The Libertad is one of nine tall ships and nine modern warships from seven countries that will pay tribute Thursday to the USS Constitution, which later this week will be celebrating the 200th anniversary of its first sail.
Tonight, Libertad will sponsor an ``Irish Night'' of song and dance to raise money for the Foxford Admiral Brown Society and the museum that the small town in County Mayo, Ireland, hopes to build someday.
Captain Javier Armando Valladares, second-in-command of the Libertad, holds a high regard for Brown, whose portrait hangs prominently between two portholes in the vessel's stern.
``He is very big in Argentina, very famous. I think much more so than here in Boston,'' Valladares said. No doubt this is partly because Brown was only 9 years old when he lived here, making no historical impression -- or any impression at all.
Born in 1777, Brown emigrated with his father to Boston in 1786. This is pretty much all that's known about the Boston angle, according to the Foxford Admiral Brown Society.

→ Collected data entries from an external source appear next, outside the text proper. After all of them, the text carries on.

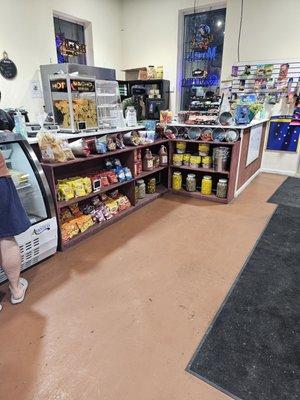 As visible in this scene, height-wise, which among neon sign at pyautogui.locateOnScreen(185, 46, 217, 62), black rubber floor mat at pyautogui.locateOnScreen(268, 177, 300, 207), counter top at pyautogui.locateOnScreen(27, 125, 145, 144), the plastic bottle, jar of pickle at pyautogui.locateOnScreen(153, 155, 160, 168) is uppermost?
neon sign at pyautogui.locateOnScreen(185, 46, 217, 62)

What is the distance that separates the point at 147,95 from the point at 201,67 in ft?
4.32

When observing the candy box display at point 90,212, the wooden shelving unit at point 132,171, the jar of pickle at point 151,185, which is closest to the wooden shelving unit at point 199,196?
the wooden shelving unit at point 132,171

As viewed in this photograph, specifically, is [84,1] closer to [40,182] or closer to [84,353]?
[40,182]

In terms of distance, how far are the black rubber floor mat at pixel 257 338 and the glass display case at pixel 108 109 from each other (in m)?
2.17

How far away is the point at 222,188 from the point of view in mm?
3697

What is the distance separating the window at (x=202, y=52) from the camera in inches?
219

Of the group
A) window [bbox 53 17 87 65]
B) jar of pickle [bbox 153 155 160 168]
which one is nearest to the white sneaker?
jar of pickle [bbox 153 155 160 168]

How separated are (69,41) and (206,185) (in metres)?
4.17

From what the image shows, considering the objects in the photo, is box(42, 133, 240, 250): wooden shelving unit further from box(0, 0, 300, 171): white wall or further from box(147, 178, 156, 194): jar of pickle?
box(0, 0, 300, 171): white wall

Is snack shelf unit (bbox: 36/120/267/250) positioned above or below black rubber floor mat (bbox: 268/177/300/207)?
above

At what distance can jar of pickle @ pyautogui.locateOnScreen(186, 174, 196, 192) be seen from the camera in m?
3.94

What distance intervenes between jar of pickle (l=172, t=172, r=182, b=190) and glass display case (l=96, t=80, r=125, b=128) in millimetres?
1093

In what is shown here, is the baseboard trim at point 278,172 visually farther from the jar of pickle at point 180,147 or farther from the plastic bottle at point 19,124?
the plastic bottle at point 19,124

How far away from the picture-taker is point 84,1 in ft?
17.8
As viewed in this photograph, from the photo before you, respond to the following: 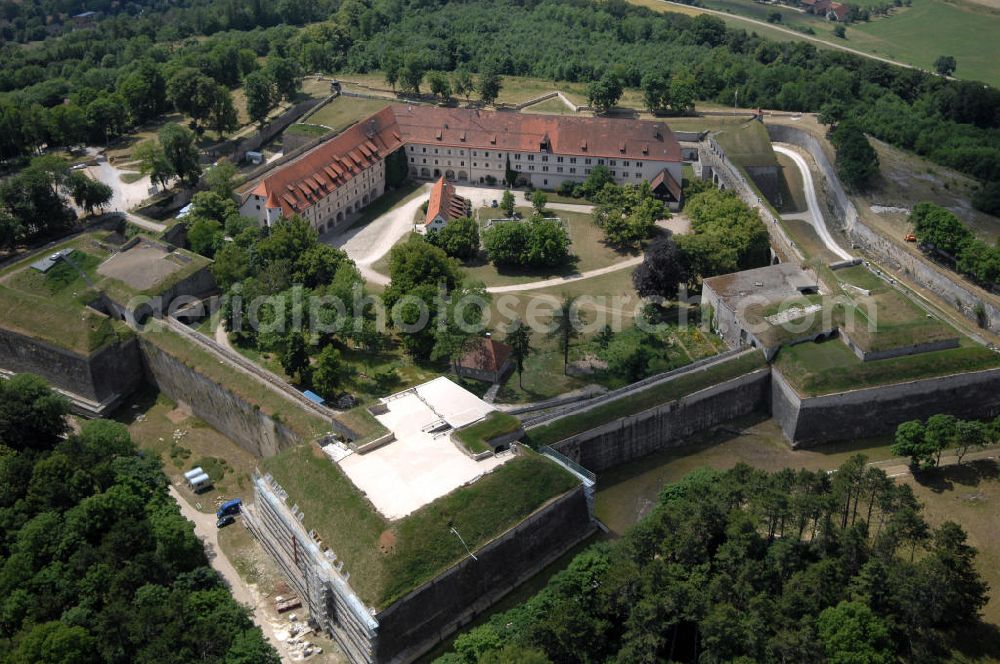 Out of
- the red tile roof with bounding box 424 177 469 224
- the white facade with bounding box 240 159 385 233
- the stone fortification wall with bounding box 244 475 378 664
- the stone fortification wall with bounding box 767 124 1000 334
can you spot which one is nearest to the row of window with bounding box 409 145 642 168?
the red tile roof with bounding box 424 177 469 224

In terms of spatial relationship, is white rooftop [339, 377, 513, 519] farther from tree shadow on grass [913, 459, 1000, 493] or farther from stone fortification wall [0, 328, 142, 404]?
tree shadow on grass [913, 459, 1000, 493]

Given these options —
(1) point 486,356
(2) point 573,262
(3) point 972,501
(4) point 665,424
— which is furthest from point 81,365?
(3) point 972,501

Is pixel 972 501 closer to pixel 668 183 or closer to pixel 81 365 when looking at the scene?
pixel 668 183

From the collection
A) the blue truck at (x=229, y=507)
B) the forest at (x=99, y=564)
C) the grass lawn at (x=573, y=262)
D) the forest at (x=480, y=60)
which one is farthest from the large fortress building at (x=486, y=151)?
the forest at (x=99, y=564)

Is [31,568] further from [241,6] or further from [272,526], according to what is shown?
[241,6]

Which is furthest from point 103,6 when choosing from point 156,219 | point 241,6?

The lad next popped up on the record as a cabin boy in the American merchant marine in 1797 when he was kidnapped by the British to fight the French at sea. A few captures and escapes later, Brown ventured to what is now Buenos Aires to set up a trading business in the Spanish colony.

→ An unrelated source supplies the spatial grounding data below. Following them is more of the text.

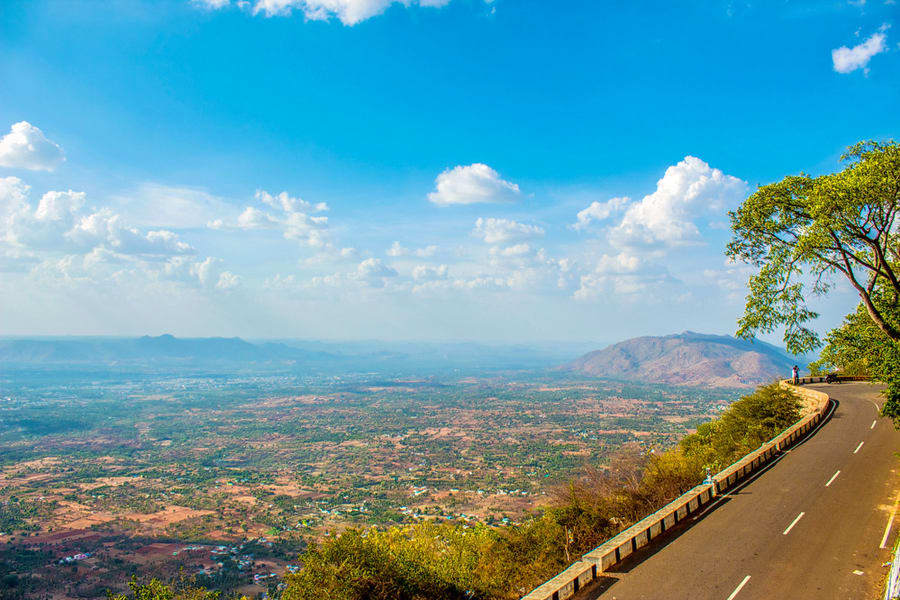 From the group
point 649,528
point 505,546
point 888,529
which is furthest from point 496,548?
point 888,529

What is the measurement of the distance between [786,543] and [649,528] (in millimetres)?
3653

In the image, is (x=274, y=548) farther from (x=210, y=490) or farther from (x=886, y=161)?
(x=886, y=161)

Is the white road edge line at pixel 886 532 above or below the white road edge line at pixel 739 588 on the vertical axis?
above

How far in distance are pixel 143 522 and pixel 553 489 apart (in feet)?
277

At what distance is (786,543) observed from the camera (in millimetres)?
13406

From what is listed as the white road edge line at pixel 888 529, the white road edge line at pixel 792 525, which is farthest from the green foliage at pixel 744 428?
the white road edge line at pixel 792 525

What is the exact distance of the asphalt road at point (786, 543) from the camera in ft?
36.8

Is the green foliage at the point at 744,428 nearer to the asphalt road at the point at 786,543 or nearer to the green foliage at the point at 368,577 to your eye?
the asphalt road at the point at 786,543

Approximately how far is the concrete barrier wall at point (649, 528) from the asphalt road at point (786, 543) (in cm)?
32

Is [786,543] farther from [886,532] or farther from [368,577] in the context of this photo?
[368,577]

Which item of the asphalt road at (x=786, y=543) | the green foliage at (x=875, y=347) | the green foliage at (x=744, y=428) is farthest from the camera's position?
the green foliage at (x=744, y=428)

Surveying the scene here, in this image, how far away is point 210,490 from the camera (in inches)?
3925

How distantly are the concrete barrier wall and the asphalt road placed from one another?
323 millimetres

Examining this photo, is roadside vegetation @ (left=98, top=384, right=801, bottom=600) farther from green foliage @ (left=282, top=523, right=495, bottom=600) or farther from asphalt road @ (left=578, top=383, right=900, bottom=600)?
asphalt road @ (left=578, top=383, right=900, bottom=600) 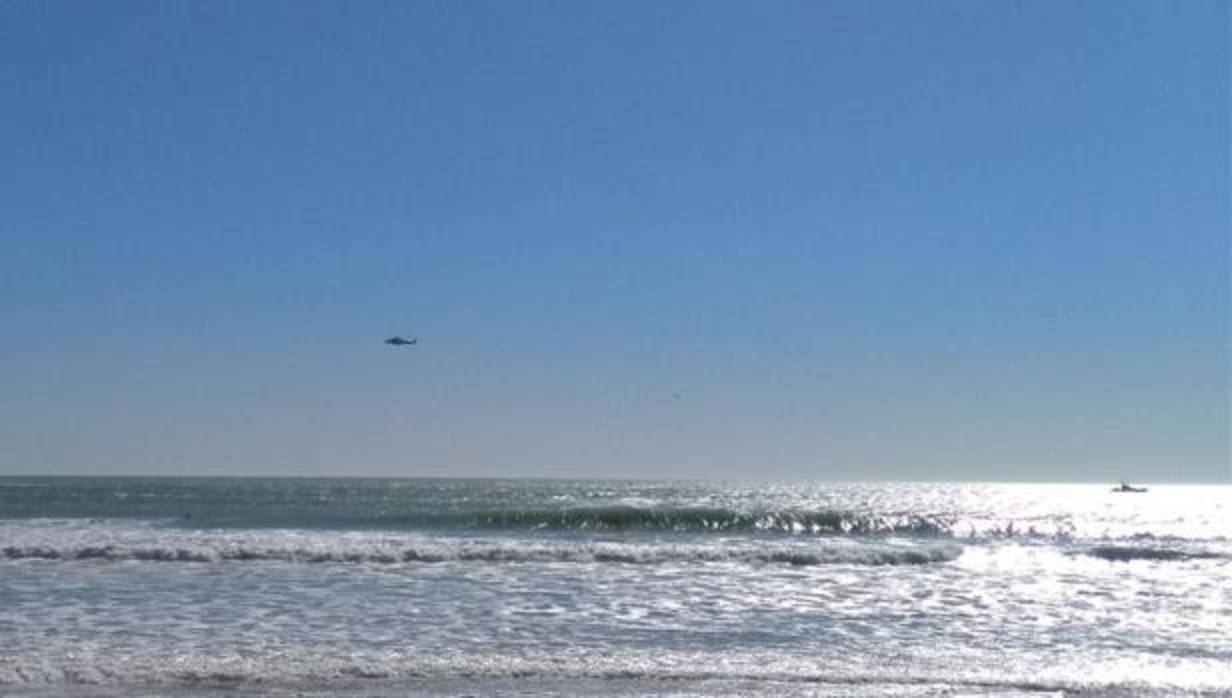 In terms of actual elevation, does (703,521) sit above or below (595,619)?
above

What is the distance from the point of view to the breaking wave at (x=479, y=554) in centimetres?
2484

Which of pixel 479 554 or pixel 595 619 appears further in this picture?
pixel 479 554

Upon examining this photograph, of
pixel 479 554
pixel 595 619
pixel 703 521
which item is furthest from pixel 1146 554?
pixel 595 619

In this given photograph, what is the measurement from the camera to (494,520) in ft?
151

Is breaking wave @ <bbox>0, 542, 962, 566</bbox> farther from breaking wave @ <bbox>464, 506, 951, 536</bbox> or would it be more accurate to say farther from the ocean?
Answer: breaking wave @ <bbox>464, 506, 951, 536</bbox>

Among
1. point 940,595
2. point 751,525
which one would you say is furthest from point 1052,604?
point 751,525

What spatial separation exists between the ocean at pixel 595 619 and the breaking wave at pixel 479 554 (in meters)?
0.11

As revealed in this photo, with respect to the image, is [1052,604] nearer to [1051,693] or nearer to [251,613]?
[1051,693]

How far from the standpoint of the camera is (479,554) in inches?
1028

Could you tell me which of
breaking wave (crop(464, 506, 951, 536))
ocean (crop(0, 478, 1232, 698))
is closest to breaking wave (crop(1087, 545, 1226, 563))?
ocean (crop(0, 478, 1232, 698))

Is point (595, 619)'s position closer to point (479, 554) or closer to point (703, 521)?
point (479, 554)

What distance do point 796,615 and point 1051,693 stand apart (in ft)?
18.1

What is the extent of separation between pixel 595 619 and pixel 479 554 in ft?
33.4

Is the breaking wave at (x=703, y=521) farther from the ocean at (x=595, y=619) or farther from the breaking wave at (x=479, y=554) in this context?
the breaking wave at (x=479, y=554)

When rebellion against Spain broke out in 1810, Brown deftly boarded a Spanish warship and commandeered it to win the first skirmish of a revolution that eventually won independence for Argentina.
His expertise as a naval commander was knowing when to fight and when to withdraw and wait for a better opportunity. In a later conflict, Brown, with 11 vessels, vanquished a Brazilian fleet of 31 ships.
He is the stuff of legend in Argentina, as is his daughter Elisa, who committed suicide by walking into the sea when her husband, a naval captain, died in a battle.
The mayor said he is not sure as yet what to do with the bust, which easily would fit into an orange crate. Boston already has one public tribute to an Argentine, a statue of Domingo Faustino Sarmiento, a 19th century politician, bequeathed to the Commonwealth Avenue Mall as a thank-you from Argentina for creating the American school system 150 years ago.
Bill Brown was not a quick sell to the mayor or other City Hall officials, in part because he has no name recognition. Another reason is that the bust is heavy -- about one-third Trench's weight; she got tired of carrying it on the subway. Raising world awareness for the admiral is no easy job, she pointed out.
``He's hefty. But he is going to look very nice in some pocket of the city someday,'' Trench explained, gently brushing wisps of styrofoam packing material from the admiral's visage.